* _SOURCE MATERIAL_:
---*---

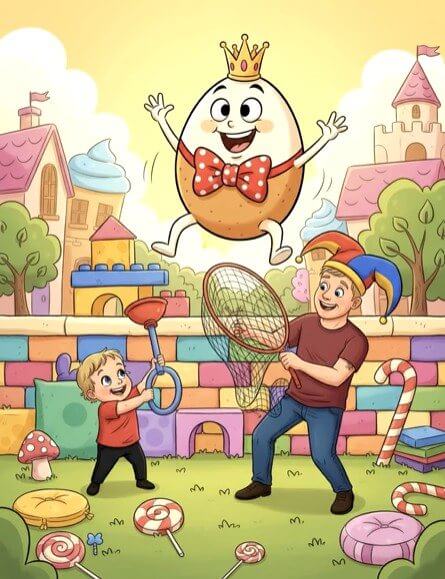 Humpty Dumpty being chased through a storybook world by a grandfather and grandchild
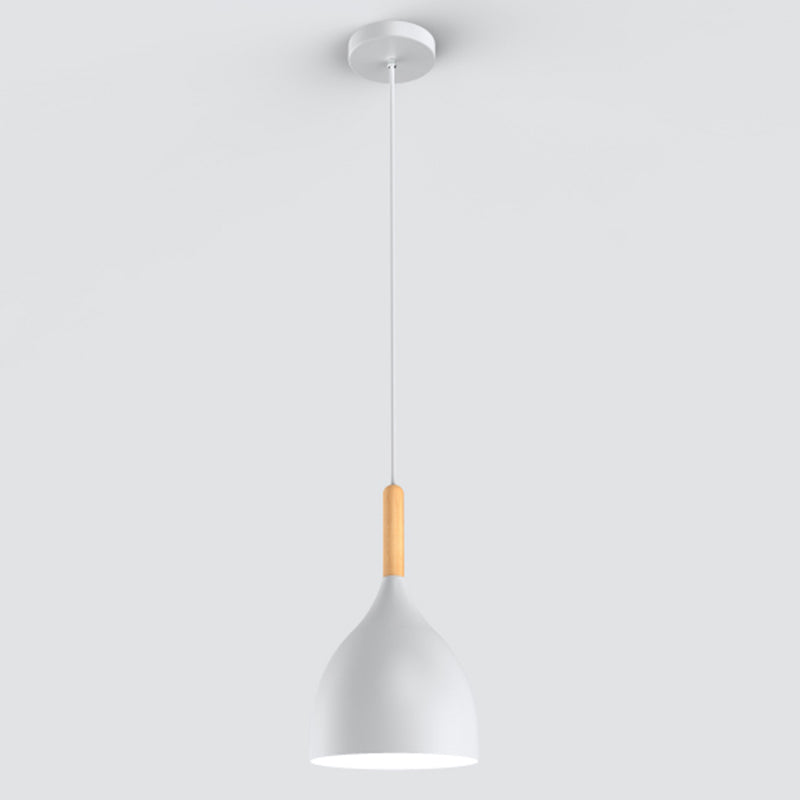 Modern Concise Macaron Pendant Light Aluminium Dome Hanging Lamp for Dining Room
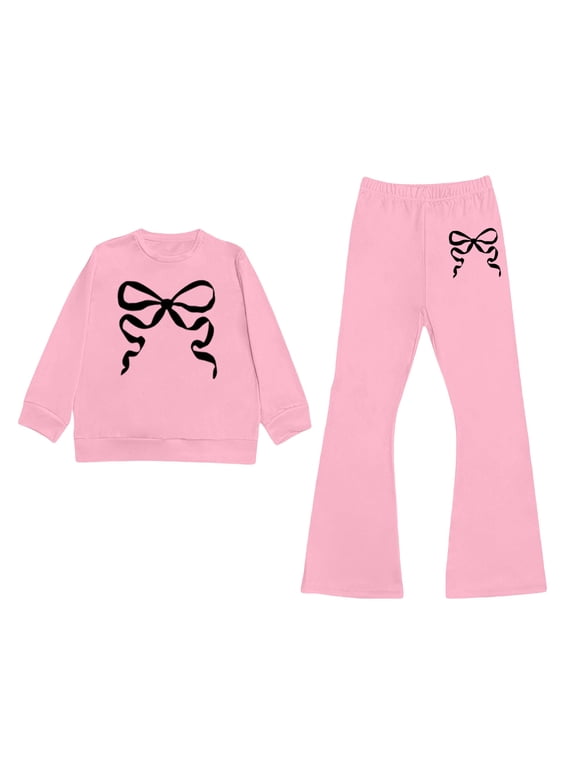 Girls Bow Print Sweatshirt and Flared Pants Set, Two Piece Outfit with Ribbed Edges for Playdates, Parties and Everyday Outings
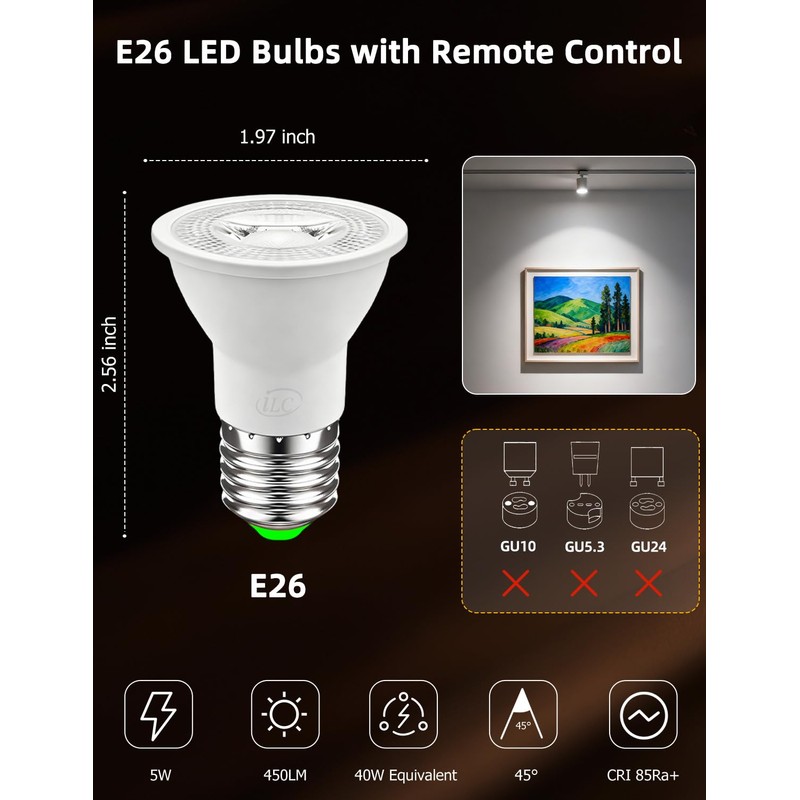 ILC Par16 LED Light Bulbs 40 Watt Equivalent Color Changing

---*---

* _WHAT IS BEING ASKED_: Reproduce the data above in full, exactly, with the images removed.

* _TASK RESULT_:
 Humpty Dumpty being chased through a storybook world by a grandfather and grandchild
 Modern Concise Macaron Pendant Light Aluminium Dome Hanging Lamp for Dining Room
 Girls Bow Print Sweatshirt and Flared Pants Set, Two Piece Outfit with Ribbed Edges for Playdates, Parties and Everyday Outings
 ILC Par16 LED Light Bulbs 40 Watt Equivalent Color Changing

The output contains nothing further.